Online Law Grad Leaps Another Hurdle
Remember Ross E. Mitchell? He is the graduate of the wholly online Concord Law School who made history last November by becoming the first graduate of an online, unaccredited law school to win permission to take the bar exam in a state outside California. Well, now he has made history again.
As we reported in November, when Mitchell first applied to take the Massachusetts exam, he was turned down, based on the state's rule that applicants be graduates of law schools accredited by the American Bar Association. He sued the state Board of Bar Examiners, contending that the rule was unconstitutional as applied to him or, alternatively, seeking waiver of the rule in his case. In a decision issued on Nov. 20, Mitchell v. Board of Bar Examiners, the state Supreme Judicial Court held that Mitchell was entitled to a waiver of the rule, clearing the way for him to take the bar exam.
Mitchell took the exam and passed it. That means, as The National Law Journal and the Boston Herald report this week, that the 57-year-old is now the first online law school graduate to be admitted to the Massachusetts bar. He was already admitted in California, which is the only state that officially permits Concord graduates to apply for admission to the bar.
When the SJC decided to allow Mitchell to sit for the bar in Mass., it emphasized that its decision to grant a waiver was confined to the unique circumstances of his case.

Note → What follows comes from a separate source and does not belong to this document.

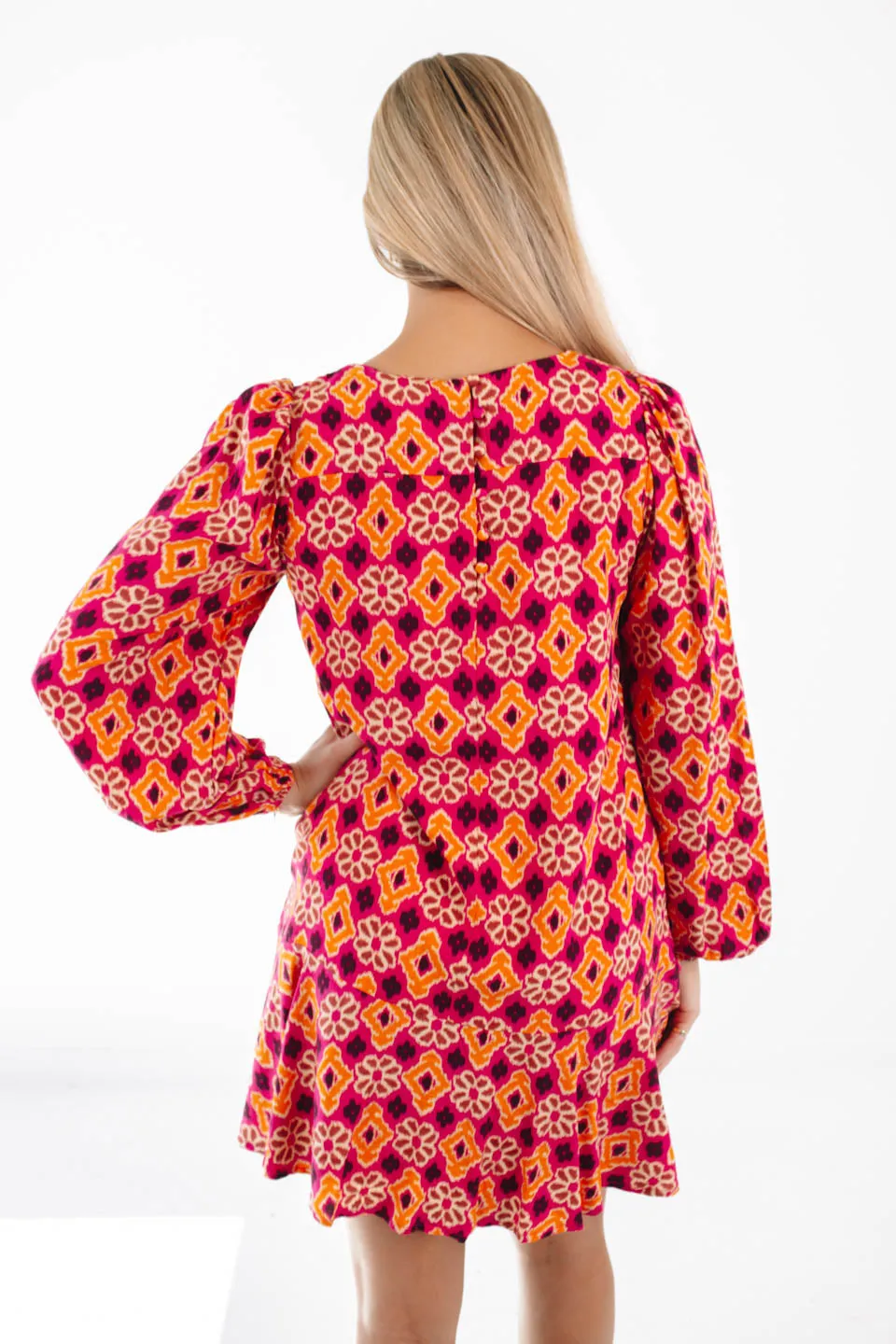 Retro Pop Dress - Pink/Orange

The court cited a number of factors personal to him, including that he had been admitted to practice both in California and before the 1st U.S. Circuit Court of Appeals, had a stellar academic record and was valedictorian of his class, had scored well on the California bar exam and on the MPRE, and, through his representation of himself in his own case, had provided a "positive illustration of his skills."
"There’s an old expression that says the lawyer who represents himself has a fool for a client," Mitchell told the Boston Herald. "But the court said in its opinion that the fact that I represented myself gave them the ability to observe my skills firsthand." Having now twice made legal history, Mitchell's fledgling legal career is off to one heck of a start.
Posted by Robert J. Ambrogi on June 25, 2009 at 03:30 PM | Permalink
| Comments (6)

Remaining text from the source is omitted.